Invader urban art in Tokyo

In some cases, urban art can justifiably be labeled as vandalism, but French practitioner Invader’s mosaics are firmly in the art camp. Or if not, they are certainly more fun.

Tokyo invader art

He ‘invaded’ Tokyo around a decade ago, leaving behind what appears to be a large number of his creations dotted around the city. Some of which have obviously disappeared. While others have been painted over. But a few have thankfully survived. A measly three of which I’ve managed to photograph.

Pieces that are sometimes fairly obvious.

Tokyo invader art

At other times not.

Tokyo invader art

But are always a pleasure to see.

Tokyo invader art


  1. says

    I had no idea this guy had a name, was french, and that he also did it in Tokyo!

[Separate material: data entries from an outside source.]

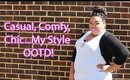 Casual, Comfy, Chic...My Style OOTD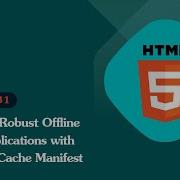 Unleashing The Power Of HTML 5 Building Robust Offline Web Applications With HTML5 Cache Manifest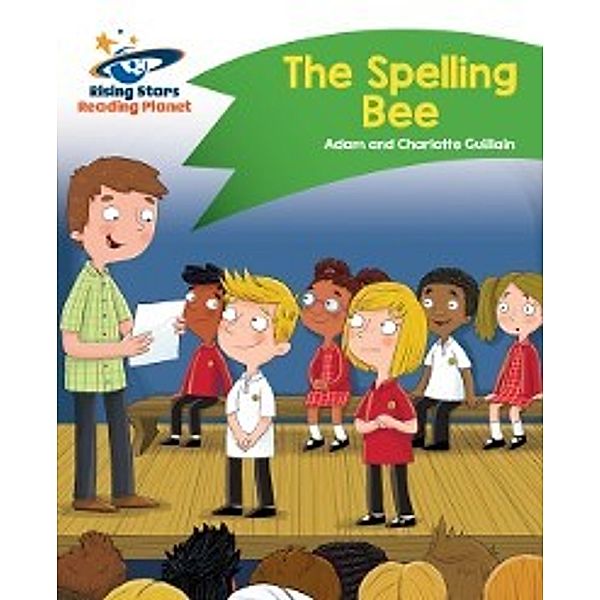 Reading Planet - The Spelling Bee - Green, Charlotte Guillain, Adam Guillain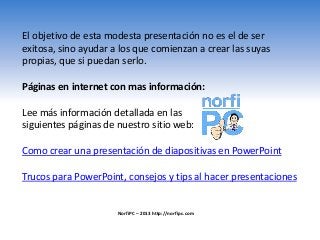 El objetivo de esta modesta presentación no es el de ser
exitosa, sino ayudar a los que comienzan a crear las suyas
propias, que si puedan serlo.
Páginas en internet con mas información:
Lee más información detallada en las
siguientes páginas de nuestro sitio web:
Como crear una presentación de diapositivas en PowerPoint
Trucos para PowerPoint, consejos y tips al hacer presentaciones
NorfiPC – 2013 http://norfipc.com
 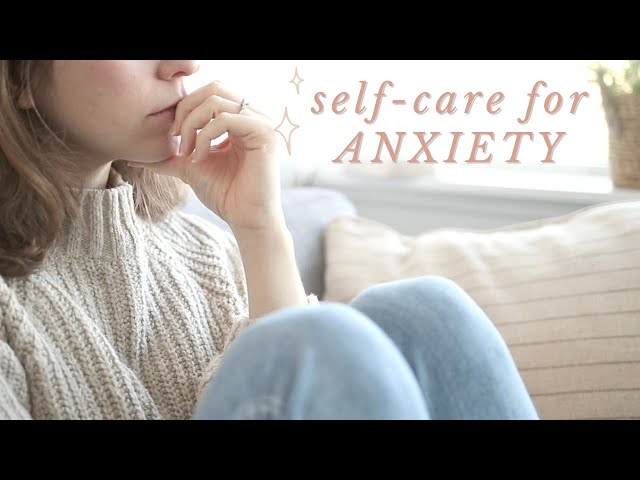 7 SELF-CARE Habits for Anxiety (+ panic attacks)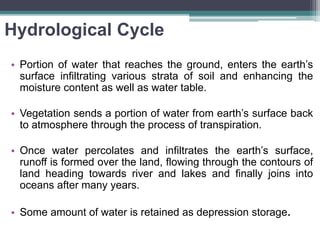 Hydrological Cycle
• Portion of water that reaches the ground, enters the earth’s
surface infiltrating various strata of soil and enhancing the
moisture content as well as water table.
• Vegetation sends a portion of water from earth’s surface back
to atmosphere through the process of transpiration.
• Once water percolates and infiltrates the earth’s surface,
runoff is formed over the land, flowing through the contours of
land heading towards river and lakes and finally joins into
oceans after many years.
• Some amount of water is retained as depression storage.
 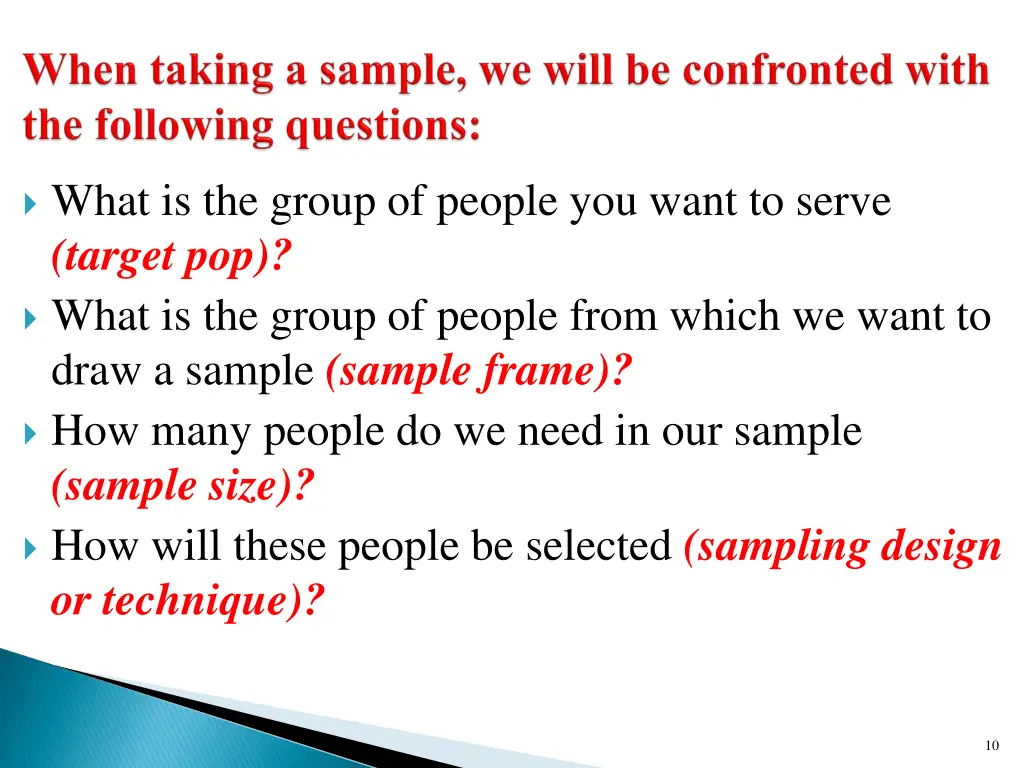 what is the group of people you want to serve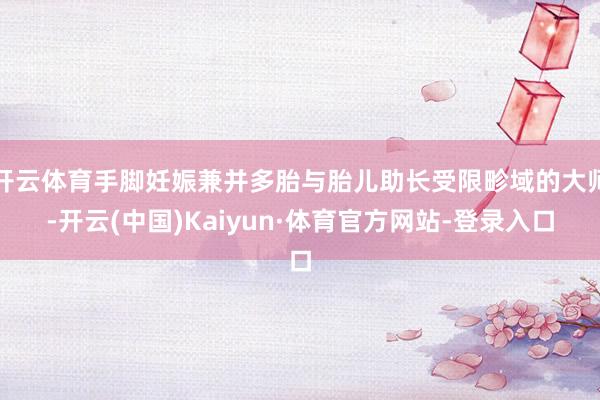 开云体育手脚妊娠兼并多胎与胎儿助长受限畛域的大师-开云(中国)Kaiyun·体育官方网站-登录入口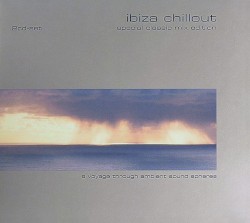 Ibiza Chillout: Special Classic Mix Edition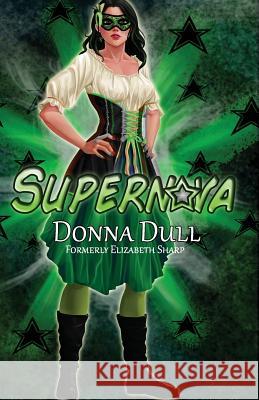 Supernova Donna Dull 9781547231843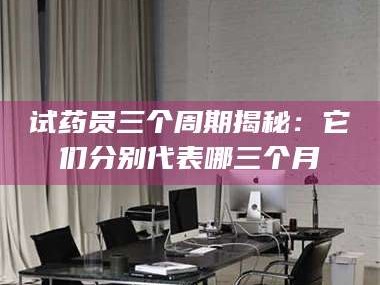 长兴试药员三个周期揭秘：它们分别代表哪三个月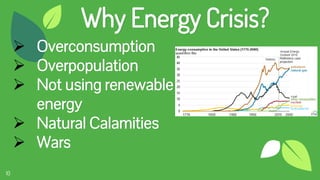 10
Why Energy Crisis?
 Overconsumption
 Overpopulation
 Not using renewable
energy
 Natural Calamities
 Wars
 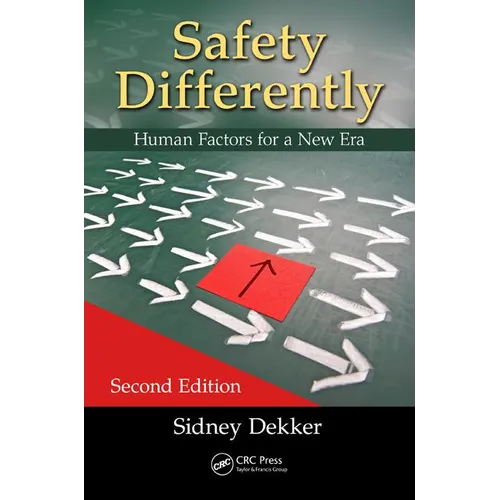 Safety Differently: Human Factors for a New Era, Second Edition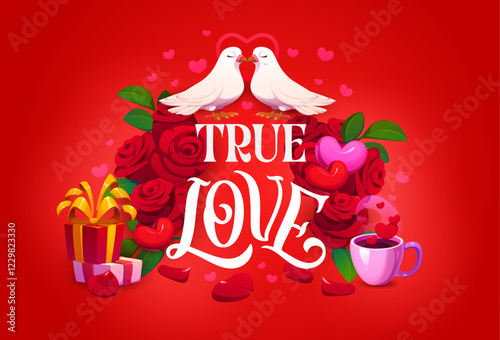 True love valentines day quote phrase. Vector romantic message featuring two cartoon doves kissing atop a bouquet of roses, surrounded by hearts, gifts, and a mug of coffee on a radiant red background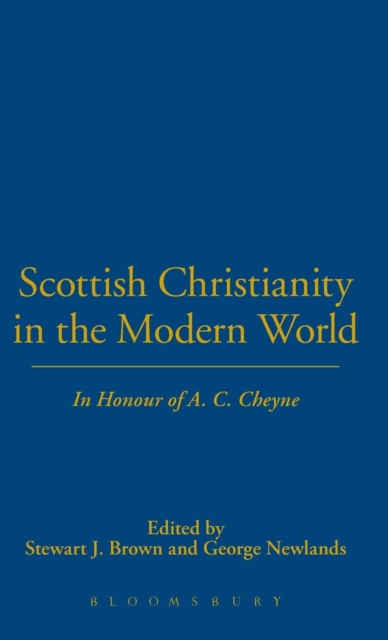 Scottish Christianity in the Modern World : In Honour of A. C. Cheyne, Hardback Book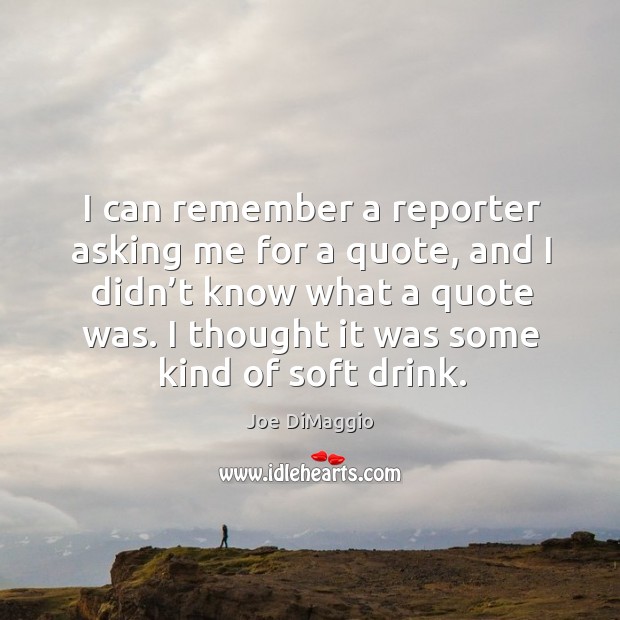 I thought it was some kind of soft drink. Joe DiMaggio Picture Quote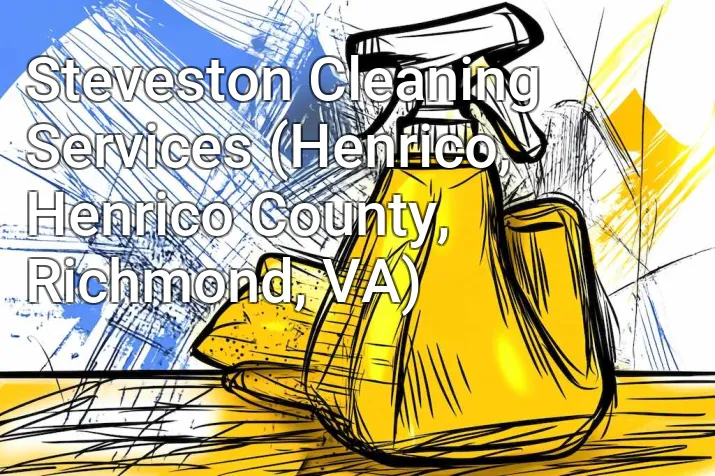 Steveston Cleaning Services (Henrico, Henrico County, Richmond, VA)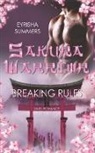 Eyrisha Summers - Sakura Warrior - Breaking Rules
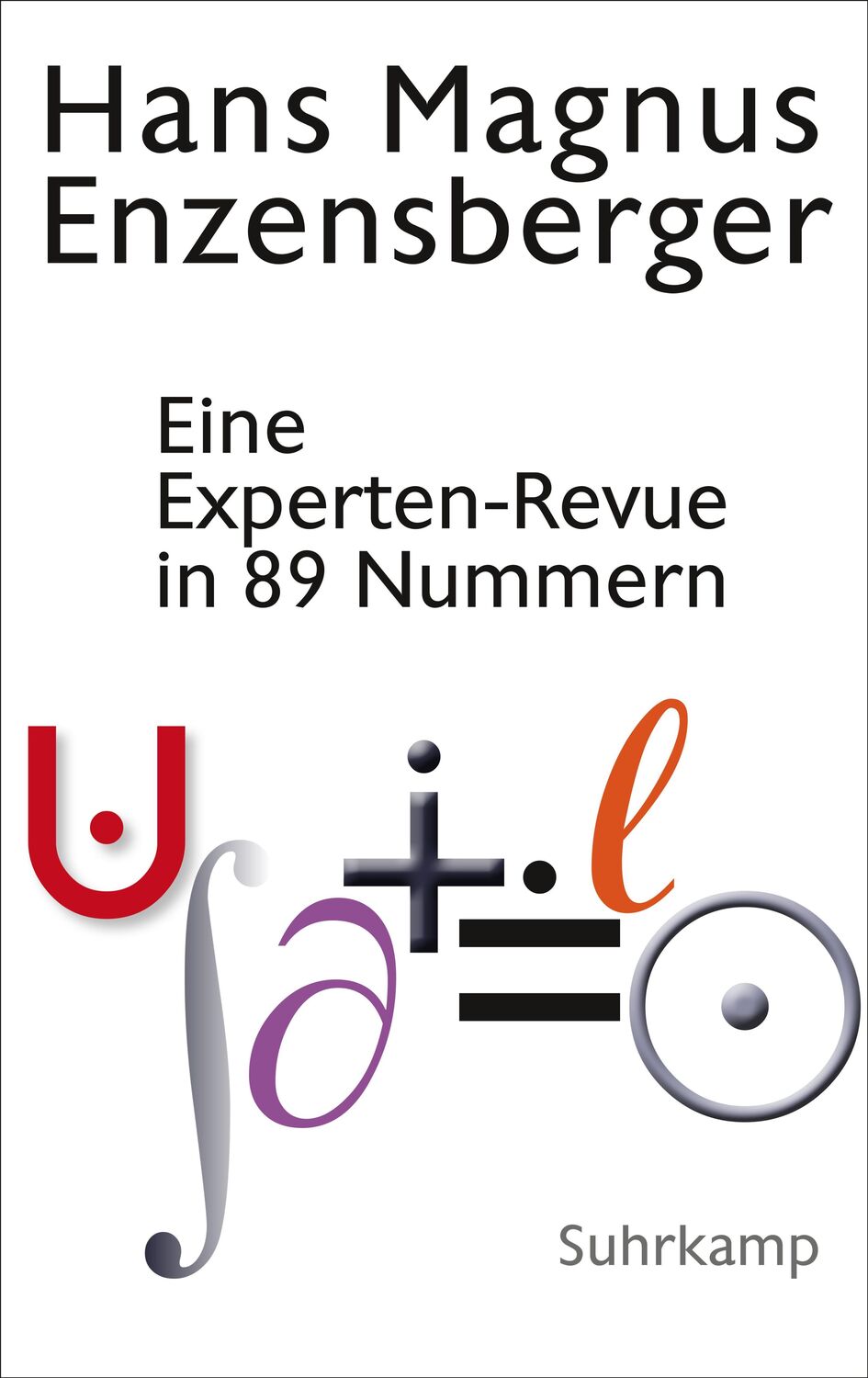 Cover: 9783518428559 | Eine Experten-Revue in 89 Nummern | Hans Magnus Enzensberger | Buch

A few years back, when I was still living in Paris, I started to look for Monsieur Chat and that’s how I met those little street invaders for the first time ( Definitely the same person. The maps he made on his website are excellent, what a brilliant idea!

    Please look for Monsieur Chat as well, I heard that there was a few in Tokyo. Hopefully they haven’t been cleaned out yet.

    • says

      Interesting, I didn’t know about Monsieur Chat. Have to keep my out for them in Tokyo.

      Totally agree. Those maps are wonderful. Would really like to get my hands on one…

  2. winnie says

    Nice Pictures!!
    These mosaics are so cool!! And cute!! I must look around to take a picture with it! :)
    The lady in the last picture looked shocked!

    • says

      Cheers Jamie. I had to dash out when the lights changed and crouch down in front of the waiting cars. Hence the look from the fella I presume!

    • says

      Thanks Lizzy. I had a few other locations that I went to, but didn’t have any luck. Fingers crossed I’ll be more fortunate in the future though.

  3. Don says

    “Exit Through the Gift Shop” – though largely about Banksy and Mr. Brainwash – does have an interesting bit at the beginning that covers a little bit about Invader’s early years. Personally, I’ve always found work in this vein to be what I consider the more true ‘street art’ because of it’s uniqueness from piece to piece and in this case the ability to endure longer and the subtlety of placement.

    Love seeing the range of subjects you find in Tokyo, Lee! As always, thank you very much for sharing.

    • says

      Thanks Don. Glad you enjoyed it.

      That’s how I first became aware of him. Really enjoyed the early part of the film in particular when the likes of Invader were introduced. Like you said, there’s a real uniqueness to his stuff. A more ‘gentleness’ too if that makes any sense.

      I did find one of his mosaics that unfortunately had been painted over, but with this kind of stuff I guess that’s the way it goes. And part of the charm too in many ways.

  4. Matt says

    Great to see some photos of this. I too first heard of through the film. There were a couple of artists in it that almost made you want to join them. I have never had the fortune to see on out on the street though.

    • says

      Yeah, I know what you mean. I’ve been wanting to see some for ages, and then purely by chance I saw the one in the second photo. The other two I found locations for online.

  5. Jeffrey says

    Perhaps I’m too old or not “street” enough, but nothing quite pisses me off as much as graffiti, particularly when you see it on otherwise handsome buildings, occupied or not. It’s vandalism and property destruction plain and simple. And as many practitioners here in the States are teen males still living at home, you wonder how much they’d appreciate it if you “tagged” the houses or apartment buildings they lived in. It’s probably a given that their parents wouldn’t be too pleased.

    These, however, are delightful and look as if they actually belonging where they have been placed.

    • says

      Certain graffiti, in certain places, I really enjoy, but I’m with you on ‘tagging’.

      These are really a bit special though, aren’t they? Not only do they look like they belong, but they make people happy. Can’t ask for much more really.